From: Philippe Verdy (verdy_p@wanadoo.fr)
Date: Wed Oct 06 2004 - 06:32:23 CST
From: "Chris Harvey" <chris@languagegeek.com>
> The users seem determined to put the entire alphabet into the PUA, thus
> making a single character for <ng>, <kw>, <ii> etc. I would like to be
> able to present them with something that works and avoid this kind of
> catastrophe.
A better alternative to PUAs, which would require specific fonts and no
interopable solution would be to use controls that make explicit grapheme
clusters: ZWJ notably, and make sure that the editor handles it effectively
as a single cluster, including for backspace.

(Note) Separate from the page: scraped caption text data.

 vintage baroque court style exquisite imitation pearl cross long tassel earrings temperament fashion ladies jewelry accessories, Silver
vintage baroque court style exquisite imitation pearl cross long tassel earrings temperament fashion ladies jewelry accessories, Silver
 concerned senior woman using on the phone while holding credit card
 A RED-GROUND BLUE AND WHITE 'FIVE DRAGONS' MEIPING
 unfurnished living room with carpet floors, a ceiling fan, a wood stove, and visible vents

Or, may be using existing combining modifier letters, even if they look like
superscript in existing fonts (if you are ready to go to PUAs, you would
need to develop a font for them), but as we don't know the whole extents of
the "alphabet", it's hard to determine which solution is best.

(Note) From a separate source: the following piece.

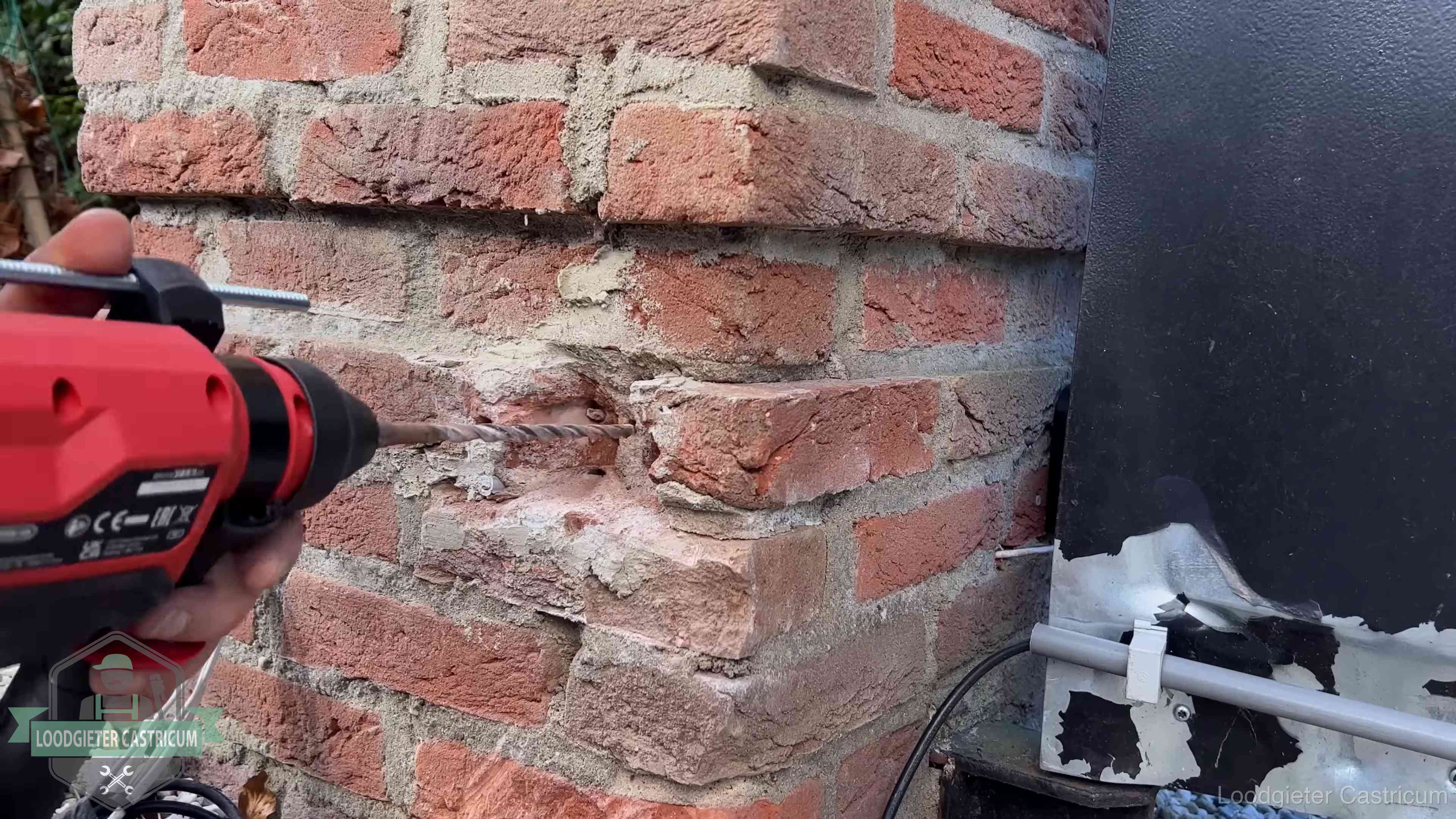 Vakman boort in de buitenmuur van een woning in de regio Castricum
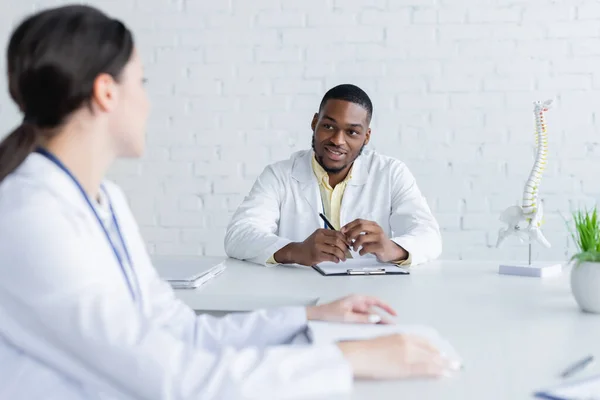 Sonriente afroamericano médico sentado cerca de columna vertebral modelo y hablando con borrosa colega - foto de stock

I am assuming (I'm possibly wrong) that you'll need it to support some
African languages, and if so, there are existing proposals to increase their
support in Unicode with pending new Latin letters. Using PUAs could be an
interim solution, before new characters are introduced, notably if you need
combining modifier letters to act with the base letter as a single cluster.
If you need that to support the Latin transliteration of Native North
American languages that you support on your web site, as a convenient tool
allowing a reverse transliteration to the native script (which has
constraints on its syllabic structure), and a convenient way to fix the
Latin orthography in order to create richer contents transliterated
appropriately and automatically into the native script, may be you need
really a specific editor that can check and enforce the Latin orthography.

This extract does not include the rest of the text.